2022年3月1日火曜日

パドレたちの北紀行Ⅷ(中休み1)


 本来ならば,永田(1960)のパートをやる予定でしたが,ここまで来て当初の目的は果たせそうもないことがわかり,またこれまで入手できなかった文献についても,いくつか入手できたので,ここで「中休み」を入れて,全体を振り返るとともに,今後の道筋を考えて見ようと思います.

 ここで,当初の目的とは,ジェローニモ・デ・アンジェリス(Jeronymo de Angelis S. J.)とディオゴ・デ・カルヴァーリョ(Diogo de Carvalho)の二人の北紀行をたどり,可能であれば,松前金山(大千軒金山)の概要に触れて見ることでした.加えて,誰かが喋ると必ず出てくる伝道者たちが鉱山技術を教えた」というのは事実かも.

 しかし,入手できない(しかも重要と思われる)文献もいくつかあり,あたりが見えないままに手探りで探索している状態でした.今回入手した(じつは入手はもっと前ですが,諸般の事情で報告できなかった)文献のおかげで,いい切ることができるものが増えたようです.

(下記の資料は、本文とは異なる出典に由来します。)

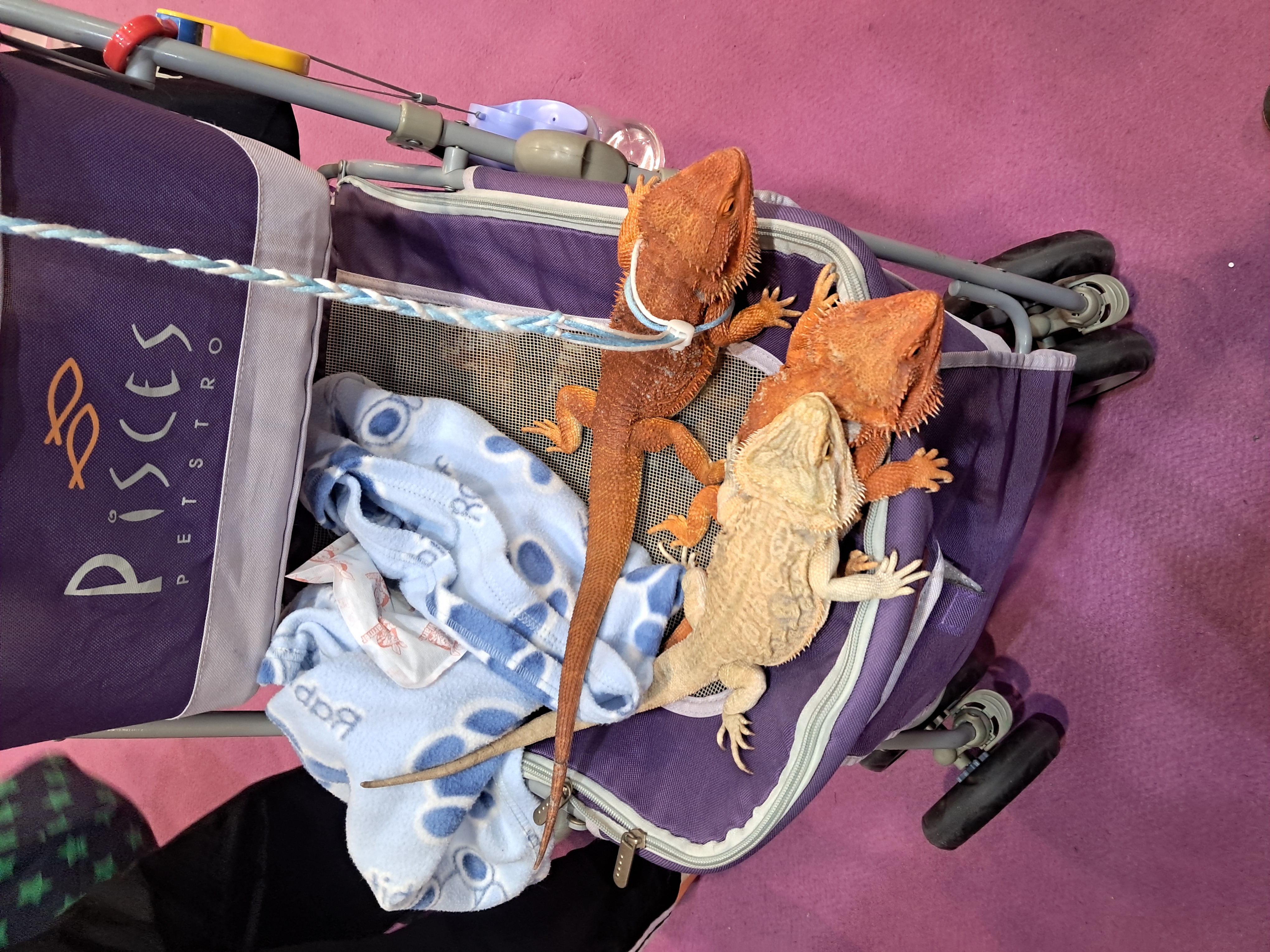 特殊寵物=蜥蜴家族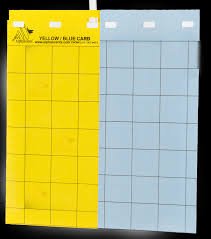 %2a Yellow%Card에 대한 이미지 검색결과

 これまで所在が分からなかった文献の一つ(一つ以上?)が“鮮血遺書”と呼ばれるものです.


 一般に“鮮血遺書”と呼ばれるものは非常に複雑で,版によって書名や編著者が異なっており,非常に混乱したものです.以下に整理すると…


初版は「加古義一(1887編)日本聖人鮮血遺書」.その中表紙には「弗国ビリヨン閲/日本加古義一編」となっています.これでは意味がわかりませんが,のちに松崎実が編集した版では,“ビリヨン”宣教師が祭礼ごとに物語った聖人の話を加古義一が筆記し,表題の「日本聖人鮮血遺書」は「やまとひじりちしおのかきおき」と読ませます.これは第六版まで同じです(3~5版は不明のため未見).


 松崎(1926編)の「校注切支丹鮮血遺書」の「二 鮮血遺書の典據と編纂」によれば,「本書の典據となったものはレオン・パジェスの日本基督教史卽ち Léon Pagès: -- "Histoire de la religion chrétienne au Japon"である.」としてあります.

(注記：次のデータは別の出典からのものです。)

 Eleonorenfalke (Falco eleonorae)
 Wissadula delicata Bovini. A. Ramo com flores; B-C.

 ビリオン(Pére A. Villion:初版では「ビリヨン」と表記されていましたが,松崎編では「ヸリヨン」と表記され,現代ではビリオンとされていますので,以後ビリオンとします)は1843(天保十四)年生まれ.長州萩や奈良において伝道していた公教会の宣教師でした.ビリオンが京都にいた頃,Pagès (1869)をテキストとして,殉教の事実を物語りました.それを信徒の一人であった加古義一が筆記し,この筆記を集めて,ヴィリヨン師校閲のもとに加古が編纂して出版したのが“鮮血遺書”でした.説教が始まったのは1884(明治17)年からで,“鮮血遺書”の初版が1887(明治20)年でした.書名は「日本聖人鮮血遺書」と書き「やまとひじりちしほのかきおき」と読むそうです.今風に示すならばヴィリヨン口述,加古義一(1887編著)「日本聖人鮮血遺書」となるのでしょうか.

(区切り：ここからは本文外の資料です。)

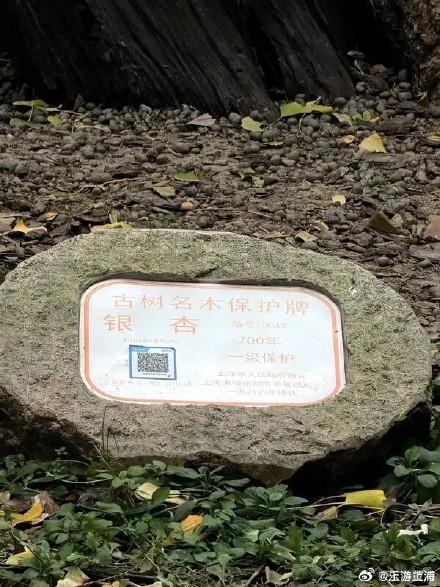 上海中心城区“树龄最长”：700岁古银杏即将迎来最美季！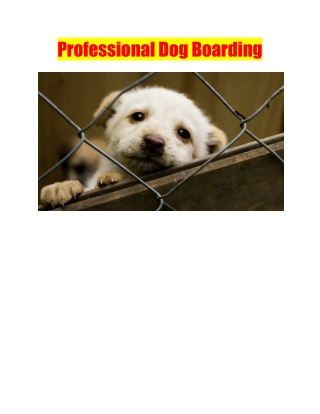 Professional Dog Boarding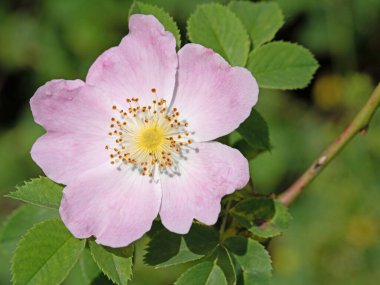 Çiçekli gül kalçalar, Rosa Canina, yakın plan.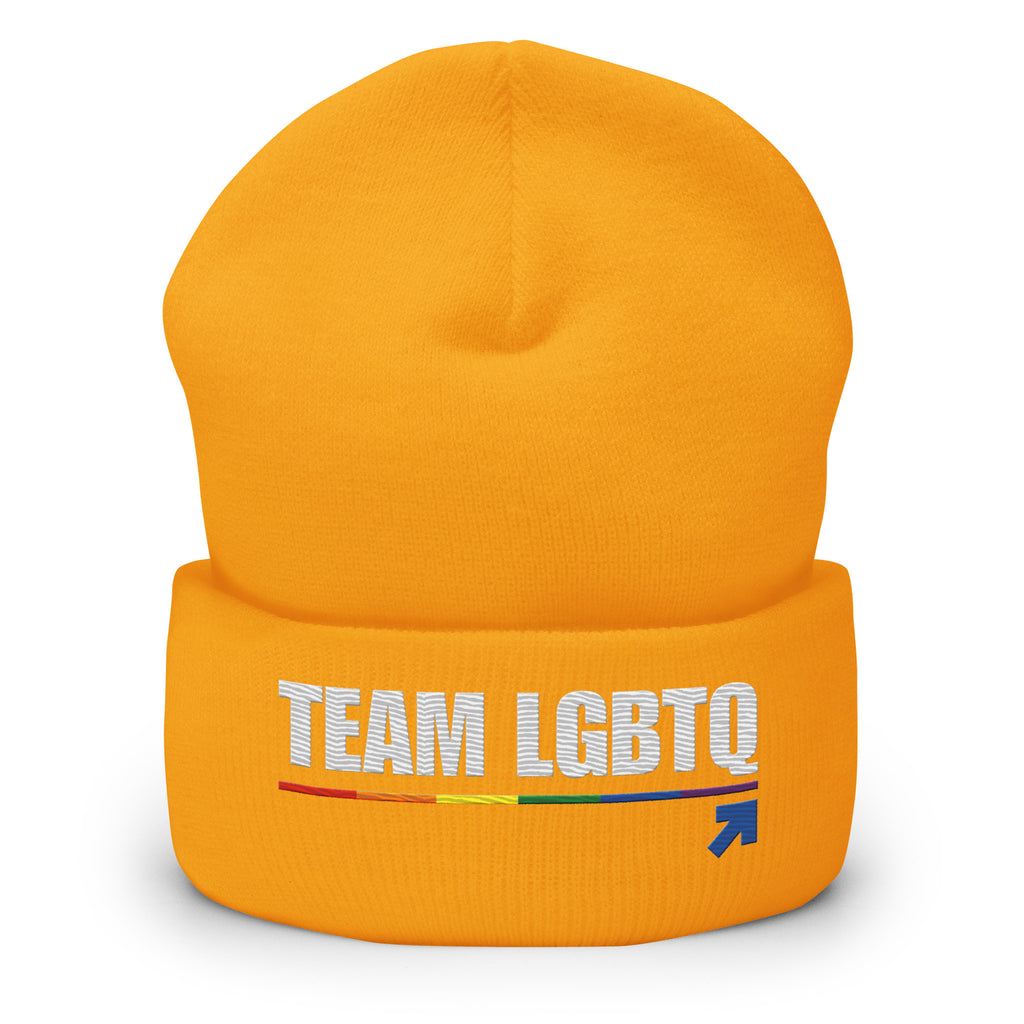 Team LGBTQ embroidered beanie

 重要なことは,これは研究書ではもちろんなく宣教師が信者に物語った“お話し”であったので,話者が日本語の不自由な外国人であることもあり,用語や修辞の稚拙,地名人名などの固有名詞の不備,年月日などの間違いは非常に多かったそうです.しかし,初版において目に付くそれは再版三版と版を重ねるにつれ訂正が進み,六版では文章構造の異なるところもあるそうです.

 しかし,ヴィリヨンはフランス人であるからして,引用文献は Pagès (1869)であることは疑いなく,間違いが多々あっても正統であると考えて良いでしょう.パジェスの原著は歴史書構成であって人物ごとの構成ではないため,人物を追うのは不適ですが,ヴィリヨン口述は人物ごとに構成されており,分かりやすいといえます.

 なお,ヸリヨン・加古・松崎(1926)の「切支丹鮮血遺書」は,松崎の再編集(当時の現代語訳.地名人名年号の訂正.パジェスの原著と対照しての訂正)によりますが,史伝としての形態をとり,ヴィリヨン・加古(1887)とは叙述順も異なるようです.


 「日本聖人鮮血遺書」(ヴィリヨン・加古,1887初版~第六版),および「校注切支丹鮮血遺書」(松崎編,1926改造社版)「では,「天使のエロニモ聖師」,「リダツシヨカルバリヨ」,「ヂダシヨカルヷリヨ聖師」,「ジダシオ・カルバリヨ師」という,ほかにはない非常に特殊な表記をしているので,これで追跡ができるかも知れません.


 なお,現代語訳が燦葉出版社から1997年に出版されているが,すでに絶版です.

 古書店を通じて入手したところ,これはまったくの別物でした.表紙には,松崎本とおなじ絵柄を使っているにもかかわらず,また,帯には「復刊」とか「ビリオン神父、松崎実氏が編んで出版された本書を、このたび読み易い現代語訳として刊行されることになったのは誠に喜ばしい」という某枢機卿の推薦文が示されているにもかかわらず.

 引用文献として正確に示す(ほぼ不可能ですが)とすれば,書名は入江浩(1996編訳)「現代語訳・切支丹鮮血遺書」なのでしょうか.しかし,奥付では「著者 松崎 實/現代語訳 入江 浩」となっていますが,これまで書かれていた「天使のエロニモ」および「ヂダシヨカルヷリヨ」の逸話は本文ではなくなっています.わずかに後半の「日本殉教者一覧」において「第百三十二次殉教者」に「エロニモ・アンゼリス」,「第百四十二次殉教者」に「ジダシオ・カルバリヨ」とリストアップされているだけなのです.これで著者が“松崎實”といえるのでしょうかね.


 もっと不思議なことには,松崎編と同じ年に「著作者 ヴィリヨン/姉崎正治 山本信次郎監修」という本が日本カトリック刊行会から出版されていることです.書名は「日本聖人鮮血遺書」.これはヴィリヨンの正統なのでしょうかね.こちらの本には「天使のエロニモ」および「ヂダッシヨ・カルバリヨ」の逸話が残されています.


 つまるところ,「日本聖人鮮血遺書」の第何版を読んだのか,あるいは「切支丹鮮血遺書」を読んだのかで,引用内容は微妙に(あるいは大きく)異なるであろうし,これがしばしば出てくるノイズの元なのかも知れませぬ.この場合,引用を明示していない著述は検証も不可能ですね.またどれを引用したものであっても,これは宗教関係者の講話であって,検証できない部分は参考程度であって,まともには取り上げるべきではないということになるのでしょう.実際あり得ない会話の再現など,フィクションと考えられる部分が多過ぎます.